Linder says, the historic attraction of options, as opposed to restricted stock grants, was that “options carried no accounting expense—no hit to your bottom line.” The change in accounting rules, she says, coincides with a public outcry about executive compensation and pressure from “post-Enron shareholders who are savvier and more interested in what executives are doing for their money. Shareholders [are demanding] performance, not just time in the seat.”

Thus the move toward more restricted stock awards and fewer options. No one we spoke with could quantify the surge, but all agree it is happening.



Management Only?

Sources also agree that stock options are less likely today to be offered to large numbers of employees, as opposed to managers and executives only. The practice of using options to give everyone an ownership stake reached its zenith among technology companies during the 1980s and ’90s, when, Linder says, “startups were trying to get good people and couldn’t pay a lot of cash.”

Many startups are still in that position, of course. But for companies in general, it isn’t just Financial Accounting Standard 123R or stockholder concern about share dilution that has taken the bloom off the rose. Experts say that experience has caused many firms to question the value of options as an incentive for rank-and-file employees.

Turner points out that the purpose of granting options is to encourage behavior that will lead to stock price appreciation. “But for lower-level employees, a lot of that is outside their control,” he says. “The deeper in an organization you go, the less line of sight you have between employee decisions and [the company’s share price].”

Because lower-level employees don’t see a clear link between their actions and overall corporate performance, they tend to value higher salaries or bonuses more than options.
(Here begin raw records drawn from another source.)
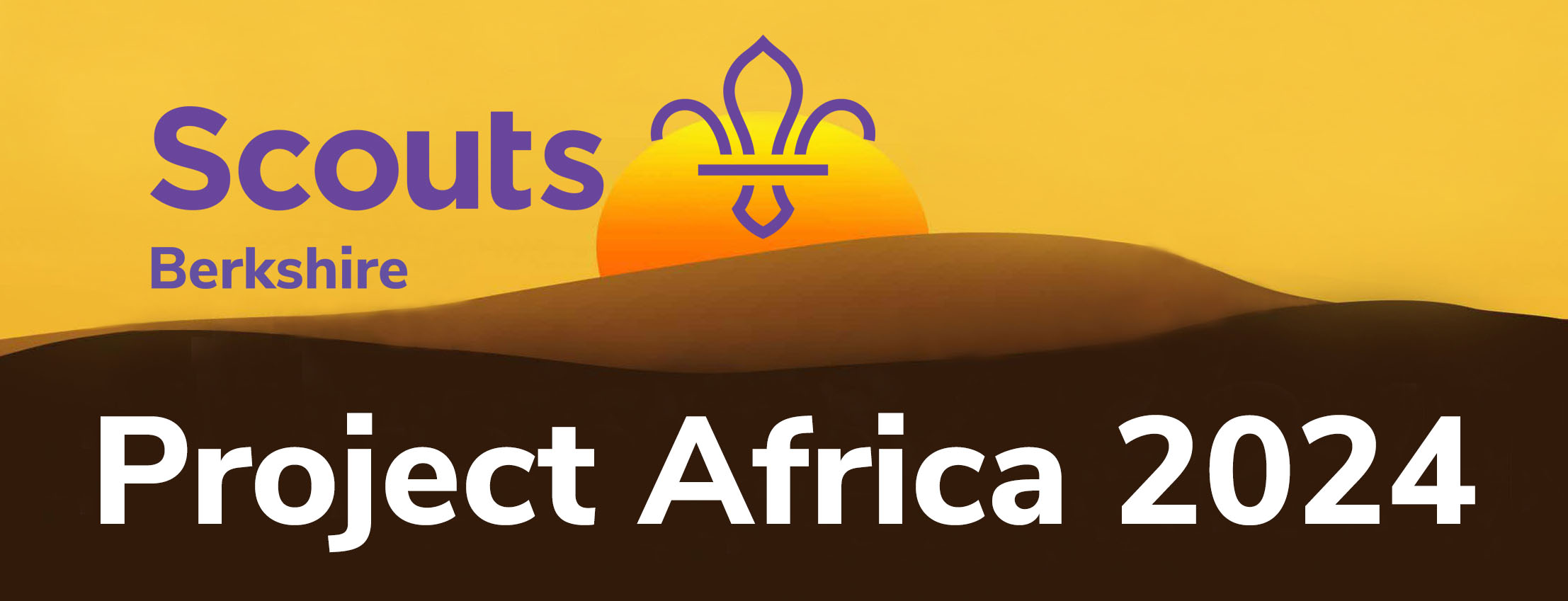 Project Africa 2024 Berkshire Scouts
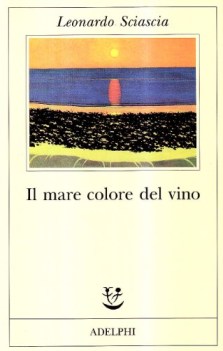 mare colore del vino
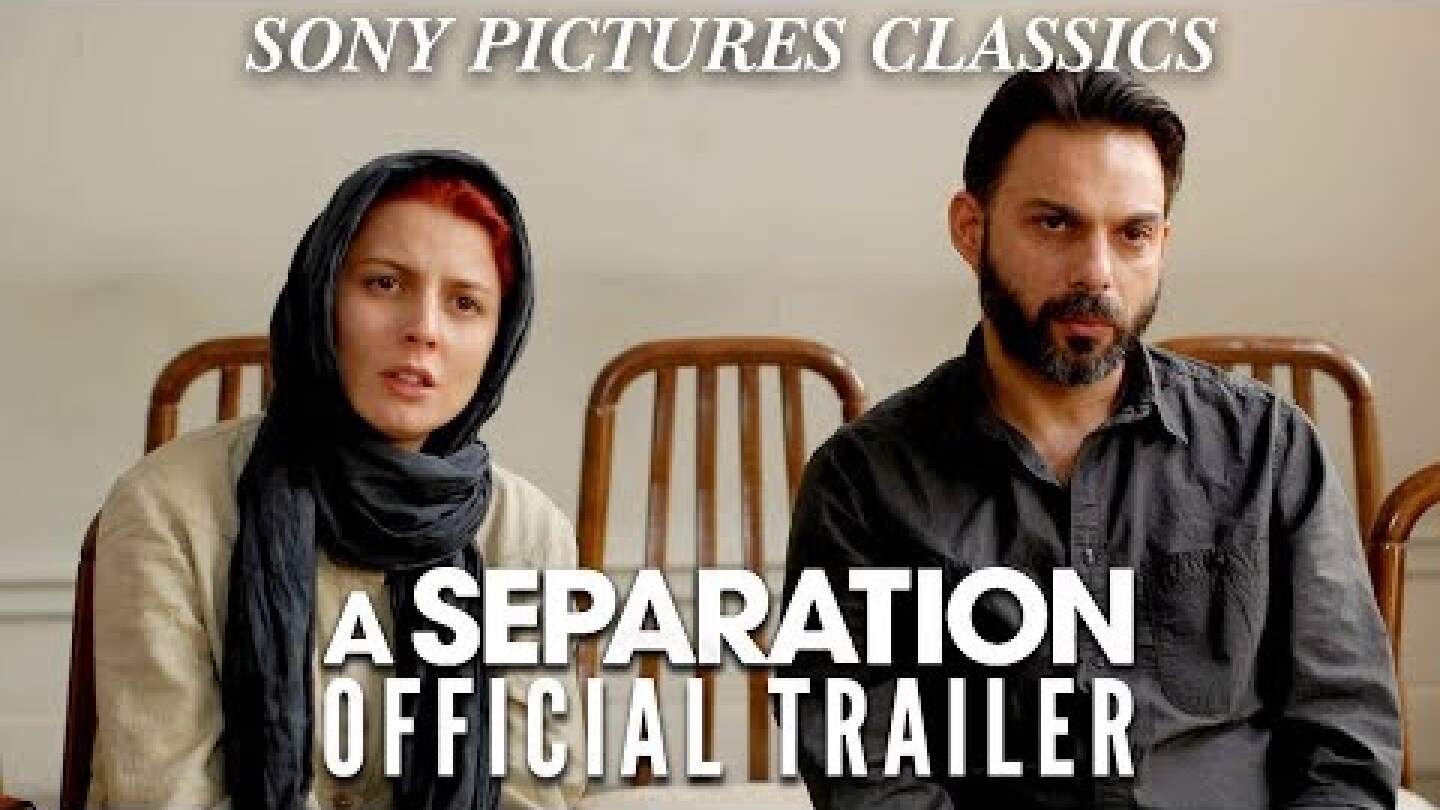 A Separation | Official Trailer HD (2011)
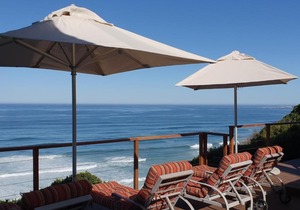 180 Degree Ocean View - Seagull Villa in Brenton On The Rocks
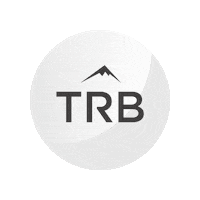 Mountain Trail Sticker by Grupo Sendi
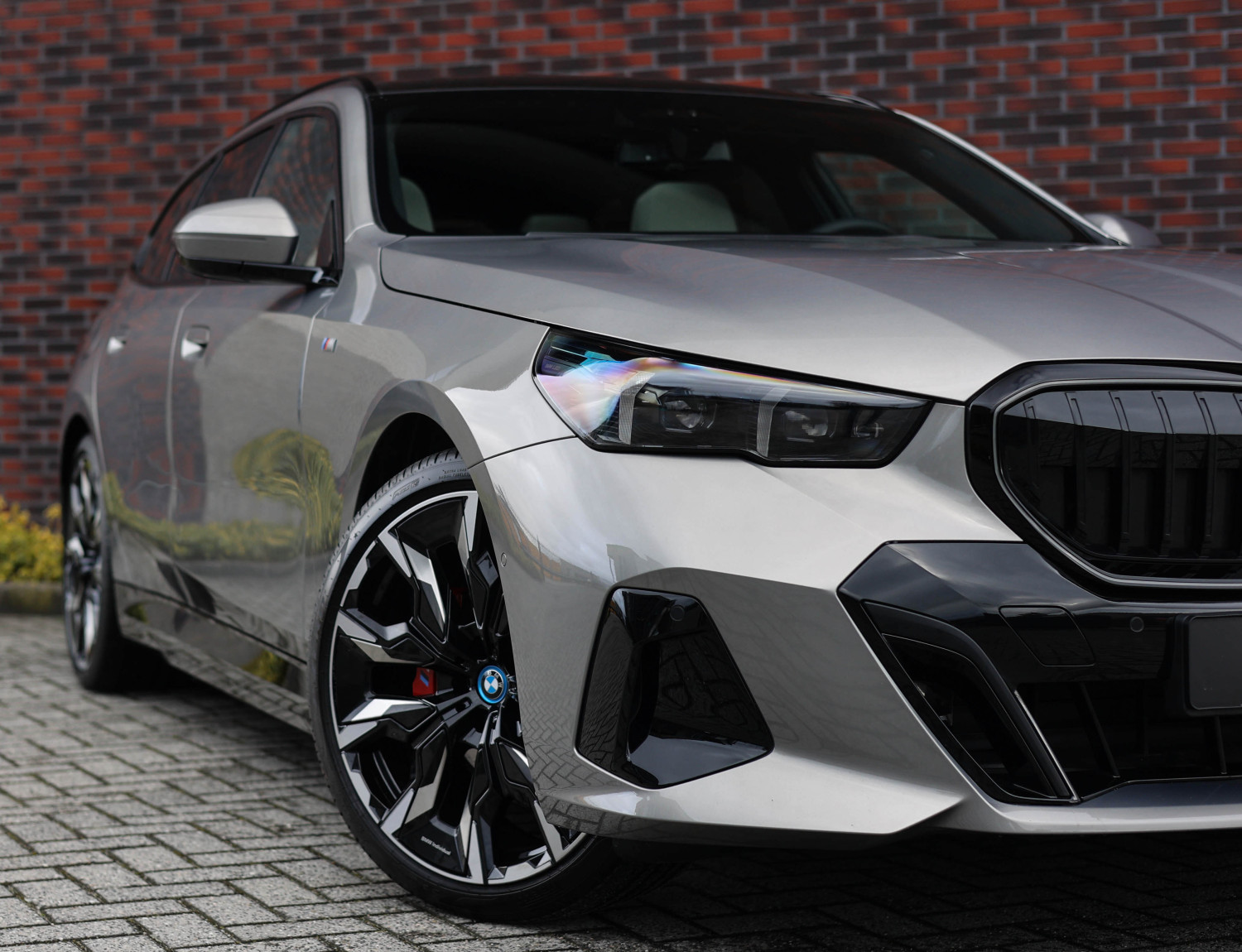 BMW 5 Serie 530e Touring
Turner says studies have shown that nonmanagers value stock options at only about one-third of their actual economic costs.

According to Nussbaum, companies have found that employees below a certain income—“Pick a number: $50,000? $70,000?”—often view options as additional cash income anyway. “As soon as the options vest, they tend to cash out,” he says.

Hence the thinking in more corporate boardrooms today: If employees prefer cash, and the board now has to charge options against the company’s bottom line anyway, why not just give them cash?